Based on the foregoing, the inconsistent portions of Statements 9, 11, 17, and 30 of Plaintiff's affidavit will not be considered by this Court. Notwithstanding, this Court notes that both in her deposition and affidavit, Plaintiff stated that when she returned to work on January 8, 2007, although Torres did not call her, he stared at her and came to her working area every day despite Guadalupe's assurances that he would be kept away from her work area. Docket # 33, Exh. 5, pp. 73-76, 78-79; Docket # 30, Exh. 1, ¶¶ 7, 8 33. Moreover, in both her deposition and affidavit, Plaintiff stated that the work areas were in front of each other.

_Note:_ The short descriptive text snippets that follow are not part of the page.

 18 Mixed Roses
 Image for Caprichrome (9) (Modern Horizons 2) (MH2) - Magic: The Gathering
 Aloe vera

Upon being questioned by Pfizer's counsel during her deposition, Plaintiff admitted that there was a "glass hall", and each working area was on either side of said "glass hall" (Docket # 33, Exh. 5, p. 20; Docket # 40, Exh. 1, ¶ 7). As such, said statements are not contradictory and will not be stricken from the record.

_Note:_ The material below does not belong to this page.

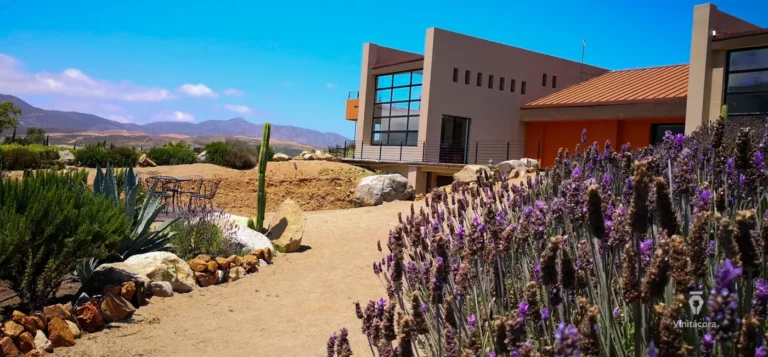 palafoxvinicola-valledelagrulla-bajacalifornia-73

"I was told that I was not going to continue receiving any other benefits from defendant because I was able to return to work, regardless of what my doctor had instructed."
"Torres would call me constantly to the production line to tell me that I looked pretty that day, that he loved my hair, that he loved to hear my voice . . ."
". . . the statement did not contain everything that Guadalupe and I discussed. Guadalupe told me that it was a judgment of my allegations."
Pfizer also moves this Court to strike Plaintiff's Exhibit 3, that is, the Social Security Administration's (hereinafter "SSA") notification of benefits. Docket # 44. They argue that in their discovery requests, Plaintiff stated that she had requested disability benefits to the SSA, but that her request had been denied on April 7, 2008. However, in her affidavit, Plaintiff alleges that she was declared disabled to work by the SSA. Docket 40, Exh. 1, ¶ 35. Pfizer argues that Plaintiff failed to disclose that the SSA had awarded her disability benefits. Pursuant to FED. R. CIV. P. 26(e), a party shall supplement or correct a previous disclosure or response if additional information has not otherwise been known to the parties during discovery or in writing. When a party fails to disclose or supplement an earlier response, she is not allowed to use said information unless the failure is substantially justified or harmless. FED. R. CIV. P. 37(c). In opposition, Plaintiff avers that the SSA's decision was notified to her after discovery had been concluded in the instant case. Docket # 52. Plaintiff further notes that she informed the defendant's expert witness about said decision during her evaluation and, that the SSA's decision is mentioned in the expert's report. Id. However, she does not provide any evidence in support of said allegation. Considering Rule 26 and Rule 37 mandates, Pfizer's request to strike Exhibit 3 of Plaintiff's opposition is GRANTED.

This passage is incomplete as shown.